The only form of sexual harassment that Plaintiff alleges are Mirza's unwanted advances that occurred in November 2019. (SAC ¶¶ 49-82). Given that this conduct occurred more than 300 days prior to the filing of the EEOC Charge, and that it is the only alleged sexual harassment to which Plaintiff was subjected, Plaintiff's Title VII theory is dismissed to the extent that it relies on a sexual harassment theory of liability. Plaintiff has plausibly alleged, when drawing all reasonable inferences in her favor, that she was subjected to public admonishments and reprimands from Adimari because of her status as an African American woman. (SAC ¶ 154 (“Adimari did not subject Plaintiff's similarly situated non-female, non-African American co-workers to public admonishments and/or defamation for reporting potential violations of the law”)). Plaintiff has further plausibly alleged that her termination was because of her membership in these protected classes. (Id. ¶ 189). Plaintiff has therefore plausibly alleged, when drawing all reasonable inferences in her favor, a Title VII discrimination claim under the race discrimination, sex/gender discrimination, and hostile work environment theories of liability.
Accordingly, the Court denies the motion to dismiss the first claim for relief for discrimination in violation of Title VII.
4. Title VII Retaliation Claim (Second Claim for Relief)
To state a claim for Title VII retaliation, Plaintiff must allege “1) participation in a protected activity; 2) the defendant's knowledge of the protected activity; 3) an adverse employment action; and 4) a causal connection between the protected activity and the adverse employment action.” Zann Kwan v. Andalex Grp. LLC, 737 F.3d 834, 844 (2d Cir. 2013). “A plaintiff engages in protected activity when she (1) opposes employment practices prohibited under Title VII; (2) makes a charge of discrimination; or (3) participates in an investigation, proceeding or hearing arising under Title VII.” Ramirez v. Michael Cetta Inc., No. 19-CV-00986, 2020 WL 5819551, at *19 (S.D.N.Y. Sept. 30, 2020).
Plaintiff argues that her “object[ions] to Defendants' discriminatory misconduct, as well as their Brady violations, constitutes protected activity.” (Pl. Br. at 18). Plaintiff alleges that she “engaged in protected conduct by calling Mathurin, the deputy division chief at the time, to communicate her refusal to sign Adimari's [Brady] disclosure letter on the grounds that it was deliberately inaccurate” and on May 7, 2021, “again engaged in protected conduct by emailing Adimari her refusal to sign Adimari's disclosure letter on the grounds that it was deliberately inaccurate.” (Id. ¶¶ 141, 144). “[A] number of cases in the Southern District have followed the rather simple proposition that whistleblowing is not a cognizable ‘protected activity' under Title VII.” Santucci v. Veneman, No. 01-CV-06644, 2002 WL 31255115, at *3 (S.D.N.Y. Oct. 8, 2002) (collecting cases). Plaintiff's objections to or complaints about Adimari's alleged Brady violations are not therefore protected activities which can give rise to a Title VII retaliation claim.

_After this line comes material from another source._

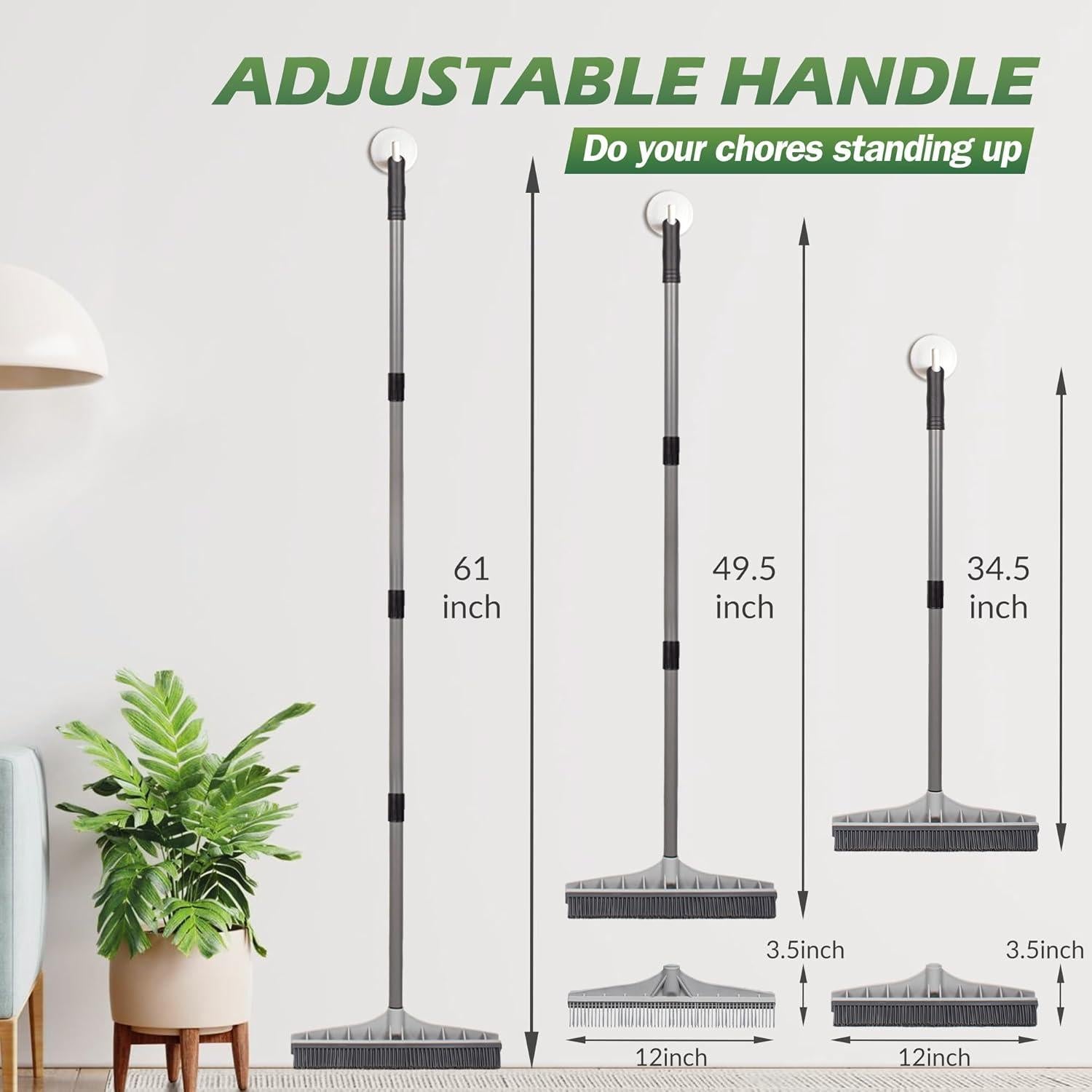 Rastrillo de Alfombra Walensee 2 en 1 con Mango Ajustable 155 cm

Plaintiff's argument that she engaged in protected activity by reporting Mirza's sexual harassment in December 2019 is similarly unavailing. The temporally closest adverse action to Plaintiff's sexual harassment complaint against Mirza was the disproportionately heavier workload Plaintiff alleges she received in retaliation.

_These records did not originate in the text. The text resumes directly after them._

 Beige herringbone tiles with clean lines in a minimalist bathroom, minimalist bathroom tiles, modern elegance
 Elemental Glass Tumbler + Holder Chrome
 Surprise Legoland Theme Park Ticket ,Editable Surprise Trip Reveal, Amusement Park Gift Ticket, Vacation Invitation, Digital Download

To the extent that Plaintiff argues that her reassignment to Rye, New York in February 2021 or her termination in May 2021 were done in retaliation for her sexual harassment complaint against Mirza, that argument fails. Plaintiff's sexual harassment complaint against Mirza in December 2019 occurred approximately 14 months before her reassignment to Rye, New York (SAC ¶ 112) and approximately 17 months before her termination (id. ¶ 170). Plaintiff “may establish causation either directly through a showing of retaliatory animus, or indirectly through a showing that the protected activity was followed closely by the adverse action.” Smith v. County of Suffolk, 776 F.3d 114, 118 (2d Cir. 2015). The Second Circuit has no bright-line rule for temporal proximity; some courts have deemed as little as three months too long to infer retaliatory motive, while others have found close enough gaps of as long as eight months. See Gorman-Bakos v. Cornell Coop. Extension of Schenectady Cty., 252 F.3d 545, 554-55 (2d Cir. 2001) (collecting cases). Periods of 14 and 17 months between the harassment complaint and the alleged adverse action are temporally too far apart to support causation and as such, cannot support a Title VII retaliation claim.

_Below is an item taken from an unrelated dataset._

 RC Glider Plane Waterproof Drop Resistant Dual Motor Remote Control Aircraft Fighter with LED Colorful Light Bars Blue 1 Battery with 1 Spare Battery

Plaintiff vaguely alleges that she “observed that she was being required to do more work than her similarly situated non-African American, non-female co-workers” in July 2020 (SAC ¶ 102) and then more specifically alleges that in November 2020, “Mathurin, who was Plaintiff's direct supervisor at the time, assigned Plaintiff four (4) times as much work as her similarly situated non-female, non-African American co-workers” (id. ¶ 103). Plaintiff does not allege that the disproportionately heavy workload she received in retaliation for her sexual harassment complaint continued in December 2020 and beyond. Absent any such allegations, the disproportionately heavy workload Plaintiff received in September and November 2020 is untimely conduct that cannot give rise to a Title VII retaliation claim. See Rodriguez v. New York City Dep't of Educ., No. 21-CV-03561, 2022 WL 4484576, at *6 (S.D.N.Y. Sept. 26, 2022) (dismissing a Title VII retaliation claim based on an increased workload where the conduct occurred more than 300 days before the EEOC Charge).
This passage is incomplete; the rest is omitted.